* Problem statement
What you return should be exactly the lines from the one containing "Entropy of Port vs. Time" down to the final line of the listing, with nothing else.

* Source data
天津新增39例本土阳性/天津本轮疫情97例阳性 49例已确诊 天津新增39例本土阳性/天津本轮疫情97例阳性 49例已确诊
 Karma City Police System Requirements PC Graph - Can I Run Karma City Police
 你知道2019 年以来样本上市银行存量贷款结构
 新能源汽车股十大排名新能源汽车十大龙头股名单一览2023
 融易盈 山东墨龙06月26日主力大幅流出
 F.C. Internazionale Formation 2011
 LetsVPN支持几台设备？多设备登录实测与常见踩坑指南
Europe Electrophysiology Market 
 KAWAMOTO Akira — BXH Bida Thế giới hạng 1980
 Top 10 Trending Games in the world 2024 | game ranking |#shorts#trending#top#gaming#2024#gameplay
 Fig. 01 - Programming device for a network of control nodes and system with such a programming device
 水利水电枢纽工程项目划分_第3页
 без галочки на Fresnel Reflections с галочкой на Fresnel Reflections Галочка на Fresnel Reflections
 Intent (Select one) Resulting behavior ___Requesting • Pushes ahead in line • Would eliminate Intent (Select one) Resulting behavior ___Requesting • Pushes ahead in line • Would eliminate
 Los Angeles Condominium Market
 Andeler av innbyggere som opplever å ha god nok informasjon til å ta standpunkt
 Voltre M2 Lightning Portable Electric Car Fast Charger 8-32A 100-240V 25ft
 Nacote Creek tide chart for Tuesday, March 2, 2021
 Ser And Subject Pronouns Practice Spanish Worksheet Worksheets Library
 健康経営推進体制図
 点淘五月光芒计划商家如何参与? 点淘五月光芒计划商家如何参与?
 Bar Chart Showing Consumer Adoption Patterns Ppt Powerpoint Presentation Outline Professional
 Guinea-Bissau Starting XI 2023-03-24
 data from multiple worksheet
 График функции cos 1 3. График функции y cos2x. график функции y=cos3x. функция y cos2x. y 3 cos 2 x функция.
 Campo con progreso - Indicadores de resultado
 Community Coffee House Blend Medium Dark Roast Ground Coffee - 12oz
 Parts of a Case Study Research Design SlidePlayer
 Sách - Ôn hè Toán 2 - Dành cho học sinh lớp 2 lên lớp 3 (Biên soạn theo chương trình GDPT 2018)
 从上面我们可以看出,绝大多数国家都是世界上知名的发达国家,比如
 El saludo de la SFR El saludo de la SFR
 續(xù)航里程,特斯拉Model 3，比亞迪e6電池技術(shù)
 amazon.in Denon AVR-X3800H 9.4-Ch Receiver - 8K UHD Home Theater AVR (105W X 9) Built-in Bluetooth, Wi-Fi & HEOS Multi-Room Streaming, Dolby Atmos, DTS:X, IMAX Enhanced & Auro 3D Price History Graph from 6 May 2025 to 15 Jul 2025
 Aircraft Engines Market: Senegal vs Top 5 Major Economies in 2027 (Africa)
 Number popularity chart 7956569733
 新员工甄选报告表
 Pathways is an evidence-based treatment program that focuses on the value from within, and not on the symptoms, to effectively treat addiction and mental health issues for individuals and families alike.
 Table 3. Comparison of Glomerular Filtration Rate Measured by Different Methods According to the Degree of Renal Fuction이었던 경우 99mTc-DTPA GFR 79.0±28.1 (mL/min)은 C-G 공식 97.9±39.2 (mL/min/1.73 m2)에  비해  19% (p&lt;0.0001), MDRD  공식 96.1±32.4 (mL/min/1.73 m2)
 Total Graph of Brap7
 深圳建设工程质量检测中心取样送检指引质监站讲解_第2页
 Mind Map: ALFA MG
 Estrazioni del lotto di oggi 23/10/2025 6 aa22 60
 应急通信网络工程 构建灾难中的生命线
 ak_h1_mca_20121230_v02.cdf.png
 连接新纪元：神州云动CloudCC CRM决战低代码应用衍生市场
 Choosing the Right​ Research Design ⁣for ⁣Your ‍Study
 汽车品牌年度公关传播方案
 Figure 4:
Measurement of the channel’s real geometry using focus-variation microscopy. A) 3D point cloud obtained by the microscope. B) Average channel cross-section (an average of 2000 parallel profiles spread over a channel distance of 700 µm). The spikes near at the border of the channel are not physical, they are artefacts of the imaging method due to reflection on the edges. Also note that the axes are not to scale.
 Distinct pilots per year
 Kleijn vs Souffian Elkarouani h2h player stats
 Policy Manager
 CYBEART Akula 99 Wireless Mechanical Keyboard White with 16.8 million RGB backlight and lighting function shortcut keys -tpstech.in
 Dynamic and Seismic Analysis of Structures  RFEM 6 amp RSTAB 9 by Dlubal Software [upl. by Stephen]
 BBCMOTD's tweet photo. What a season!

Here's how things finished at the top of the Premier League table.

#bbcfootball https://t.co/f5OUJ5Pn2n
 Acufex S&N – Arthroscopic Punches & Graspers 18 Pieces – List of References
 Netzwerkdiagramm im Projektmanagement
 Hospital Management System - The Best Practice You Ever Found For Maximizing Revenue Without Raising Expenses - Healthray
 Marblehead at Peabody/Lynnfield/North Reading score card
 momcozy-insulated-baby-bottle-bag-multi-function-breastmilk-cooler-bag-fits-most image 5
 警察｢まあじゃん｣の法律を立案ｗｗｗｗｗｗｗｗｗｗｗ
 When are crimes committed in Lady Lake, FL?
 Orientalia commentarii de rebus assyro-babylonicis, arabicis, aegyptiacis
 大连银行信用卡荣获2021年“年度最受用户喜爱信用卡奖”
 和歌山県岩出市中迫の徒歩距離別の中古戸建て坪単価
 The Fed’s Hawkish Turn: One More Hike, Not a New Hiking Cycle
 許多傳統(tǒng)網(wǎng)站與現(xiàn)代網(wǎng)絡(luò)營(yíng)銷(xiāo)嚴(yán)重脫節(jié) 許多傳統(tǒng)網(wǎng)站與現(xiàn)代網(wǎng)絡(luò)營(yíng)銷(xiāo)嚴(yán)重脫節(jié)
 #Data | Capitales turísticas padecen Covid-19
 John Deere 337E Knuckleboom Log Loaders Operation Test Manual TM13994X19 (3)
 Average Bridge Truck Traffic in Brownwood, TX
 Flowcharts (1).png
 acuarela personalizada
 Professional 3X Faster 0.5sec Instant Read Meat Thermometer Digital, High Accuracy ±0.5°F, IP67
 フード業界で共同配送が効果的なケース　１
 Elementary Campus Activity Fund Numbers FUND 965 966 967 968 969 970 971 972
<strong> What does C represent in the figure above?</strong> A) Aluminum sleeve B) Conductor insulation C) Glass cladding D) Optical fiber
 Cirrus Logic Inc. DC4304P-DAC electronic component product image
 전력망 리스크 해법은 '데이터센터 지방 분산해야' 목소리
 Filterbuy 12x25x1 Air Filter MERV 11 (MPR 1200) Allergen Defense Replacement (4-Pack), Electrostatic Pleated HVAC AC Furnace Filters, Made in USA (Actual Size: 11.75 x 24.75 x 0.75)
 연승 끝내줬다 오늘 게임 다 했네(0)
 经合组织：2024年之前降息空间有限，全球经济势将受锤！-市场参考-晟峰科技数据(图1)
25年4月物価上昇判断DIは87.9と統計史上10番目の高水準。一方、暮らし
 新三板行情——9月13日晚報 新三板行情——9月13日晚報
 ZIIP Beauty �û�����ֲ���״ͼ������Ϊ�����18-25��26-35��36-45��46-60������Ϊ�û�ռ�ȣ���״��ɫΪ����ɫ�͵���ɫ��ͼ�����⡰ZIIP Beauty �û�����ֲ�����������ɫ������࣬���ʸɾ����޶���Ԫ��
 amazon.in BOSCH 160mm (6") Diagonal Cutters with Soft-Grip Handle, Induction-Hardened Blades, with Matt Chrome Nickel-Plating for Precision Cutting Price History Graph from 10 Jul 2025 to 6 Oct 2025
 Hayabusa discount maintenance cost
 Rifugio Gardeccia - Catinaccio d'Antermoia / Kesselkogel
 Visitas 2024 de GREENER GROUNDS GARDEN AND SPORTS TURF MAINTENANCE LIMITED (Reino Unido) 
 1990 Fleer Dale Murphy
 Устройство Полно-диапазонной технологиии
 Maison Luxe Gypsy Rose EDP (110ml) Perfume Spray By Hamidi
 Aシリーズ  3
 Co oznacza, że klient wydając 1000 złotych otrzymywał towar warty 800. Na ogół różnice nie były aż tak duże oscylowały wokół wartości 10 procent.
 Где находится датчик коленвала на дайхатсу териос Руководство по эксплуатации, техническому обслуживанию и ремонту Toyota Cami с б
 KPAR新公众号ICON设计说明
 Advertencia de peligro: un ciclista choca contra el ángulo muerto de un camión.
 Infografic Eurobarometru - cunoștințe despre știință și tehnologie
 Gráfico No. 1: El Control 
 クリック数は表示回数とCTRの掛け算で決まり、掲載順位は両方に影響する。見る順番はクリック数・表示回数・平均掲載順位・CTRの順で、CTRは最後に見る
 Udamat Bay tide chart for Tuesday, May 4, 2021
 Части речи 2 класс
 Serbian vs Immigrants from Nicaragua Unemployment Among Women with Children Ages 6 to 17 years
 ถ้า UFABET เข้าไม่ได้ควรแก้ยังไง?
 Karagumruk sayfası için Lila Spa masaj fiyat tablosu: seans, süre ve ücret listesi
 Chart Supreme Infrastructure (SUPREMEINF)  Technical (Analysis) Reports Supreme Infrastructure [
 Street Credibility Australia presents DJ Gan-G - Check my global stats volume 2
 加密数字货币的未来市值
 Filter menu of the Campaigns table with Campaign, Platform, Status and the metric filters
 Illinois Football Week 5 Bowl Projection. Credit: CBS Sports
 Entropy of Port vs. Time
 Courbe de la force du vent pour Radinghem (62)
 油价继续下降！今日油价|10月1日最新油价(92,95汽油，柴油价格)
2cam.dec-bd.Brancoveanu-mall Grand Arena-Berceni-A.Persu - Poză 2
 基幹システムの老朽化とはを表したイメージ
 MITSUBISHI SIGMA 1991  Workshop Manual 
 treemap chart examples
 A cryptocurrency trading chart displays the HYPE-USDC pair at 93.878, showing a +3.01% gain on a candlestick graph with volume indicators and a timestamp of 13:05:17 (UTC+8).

* Answer section
 Entropy of Port vs. Time
 Courbe de la force du vent pour Radinghem (62)
 油价继续下降！今日油价|10月1日最新油价(92,95汽油，柴油价格)
2cam.dec-bd.Brancoveanu-mall Grand Arena-Berceni-A.Persu - Poză 2
 基幹システムの老朽化とはを表したイメージ
 MITSUBISHI SIGMA 1991  Workshop Manual 
 treemap chart examples
 A cryptocurrency trading chart displays the HYPE-USDC pair at 93.878, showing a +3.01% gain on a candlestick graph with volume indicators and a timestamp of 13:05:17 (UTC+8).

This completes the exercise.